# Digital readout



## AaronRC4 (Feb 27, 2012)

Is anyone using an after market digital readout? Is it worth it? I was trying to route some lock joints this morning . One Horizontal and one vertical cut required. A very fussy set up to get it dead on. I get lost when using my scissor jack lifter . I think a digital readout would make it easier to zero in.

Seems like Wixley and Quint make units for Table routers but not sure how they tolerate dust,especially MDF which I use for test cuts.


----------



## bobj3 (Jan 17, 2006)

HI 

Wixley are nice but you don't need to put out the big bucks for one.

I use one on the router table and the planer and they work great.

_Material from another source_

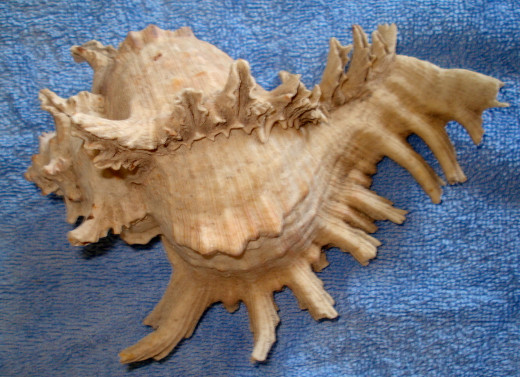 Part of the Animal of the Murex Shells Were Used in Making the Dye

http://www.amazon.com/iGaging-DigiM...ref=sr_1_2?s=hi&ie=UTF8&qid=1331234030&sr=1-2
http://www.amazon.com/s/ref=nb_sb_n...ools&field-keywords=Digital+readout&x=15&y=15

===



AaronRC4 said:


> Is anyone using an after market digital readout? Is it worth it? I was trying to route some lock joints this morning . One Horizontal and one vertical cut required. A very fussy set up to get it dead on. I get lost when using my scissor jack lifter . I think a digital readout would make it easier to zero in.
> 
> Seems like Wixley and Quint make units for Table routers but not sure how they tolerate dust,especially MDF which I use for test cuts.


----------



## del schisler (Feb 2, 2006)

I have the beall tilt box and like it here is a good read about the waxey also i bet you will go with the beall tilt box 

http://www.routerforums.com/tool-reviews/8292-beall-tilt-box-versus-wixey-angle-gauge.html


----------



## benjamenjohnson (Mar 8, 2012)

*Digital readouts*

I use the same digital readout that bobj3 mentioned. I mounted it directly to my router lift. I find it most useful when I am setting cut depth. I'll set the router for the final depth, hit zero, then lower it and make several passes until I get back to zero. 

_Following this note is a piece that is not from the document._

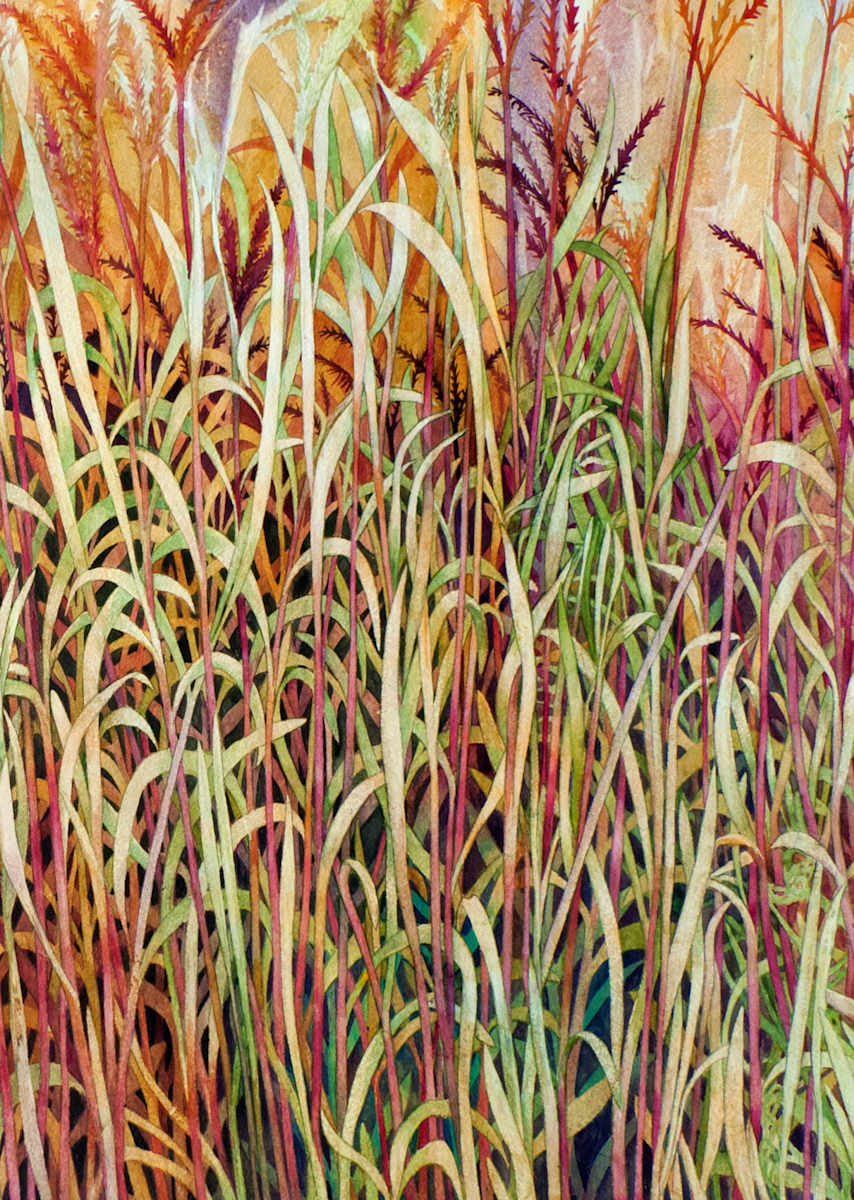 Greeting Card - Prairie Grasses (detail) by Helen R Klebesadel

It works really well. The sending unit is sealed I believe it works the same was a set of digital calipers do. I haven't had a problem with dust yet.


----------



## WillMatney (Oct 6, 2011)

I just bought a 12" DRO, myself, to use on a miter fence. I've not mounted it yet, but I have tried it out, and it works okay. It comes with mounting hardware, and mine was made by iGauging. I bought it from a seller on eBay, and got a good price on it, new in the box for around $40.00. The inch scale reads out in 1000'ths and fractions, plus it has zeroing, and metric capability. On these, you can mount the digital readout anywhere you want, and I think it has around two feet of wire to connect the two pieces.

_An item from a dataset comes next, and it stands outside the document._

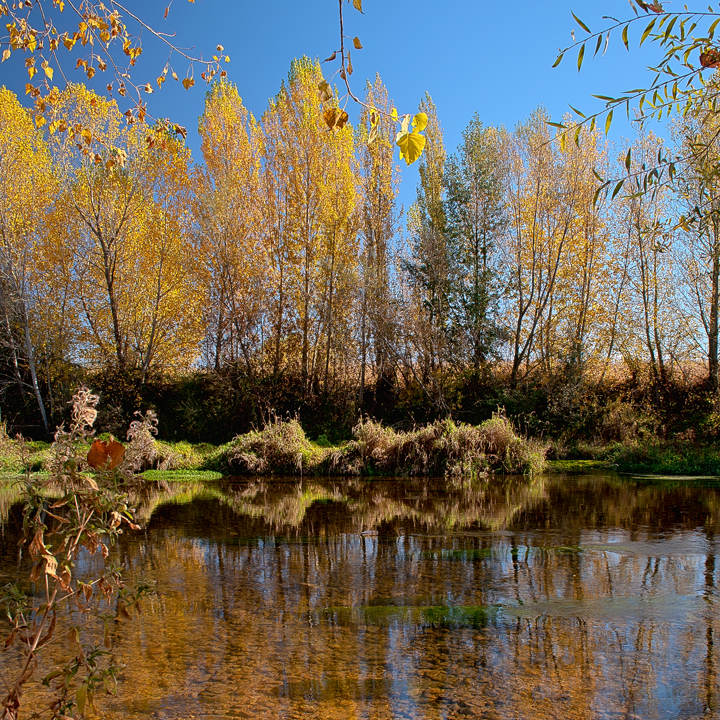 Otoño en el Órbigo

I wanted a miter fence that I could split hairs with, and I'll put some photos on here when I get it done. I'm using an Incra V27 miter gauge to put the fence on, and constructing the fence from wood, and aluminum T-Track. It will have a fine adjustment on it, so I can adjust it to 0.001" anywhere along its length. Using a fine adjustment, I should be able to do joints with precision spacing by just centering the work stop with the bit.


----------



## john880 (Aug 18, 2010)

Have you tried a zero clearance insert for your fence. Had the same conserns years ago, When I built the inserted wood fence for the front of my router saw's fence i built in to the inside of both a means of installing different inserts, & then labeled them and set them into the storage drawer.. The very importain key here is to make sure the insert has a base line level off of your table top. Then after you have set your bit to it's EXACT tried & true height, slowely bring your fence forward making a zero clearance insert, and,,,a template for later down the road set-up.
i do not, nor can not, understand for the life of me, why there isnt more guys that use zero clearance inserts for the router fence. It is not something new just out of the box. Once a fence is designed to accept a certain L & W to lock them in, its just a matter of sawing several (Lots) out on the TS.


----------



## rwl7532 (Sep 8, 2011)

john880 said:


> Have you tried a zero clearance insert for your fence. Had the same conserns years ago, When I built the inserted wood fence for the front of my router saw's fence i built in to the inside of both a means of installing different inserts, & then labeled them and set them into the storage drawer.. The very importain key here is to make sure the insert has a base line level off of your table top. Then after you have set your bit to it's EXACT tried & true height, slowely bring your fence forward making a zero clearance insert, and,,,a template for later down the road set-up.
> i do not, nor can not, understand for the life of me, why there isnt more guys that use zero clearance inserts for the router fence. It is not something new just out of the box. Once a fence is designed to accept a certain L & W to lock them in, its just a matter of sawing several (Lots) out on the TS.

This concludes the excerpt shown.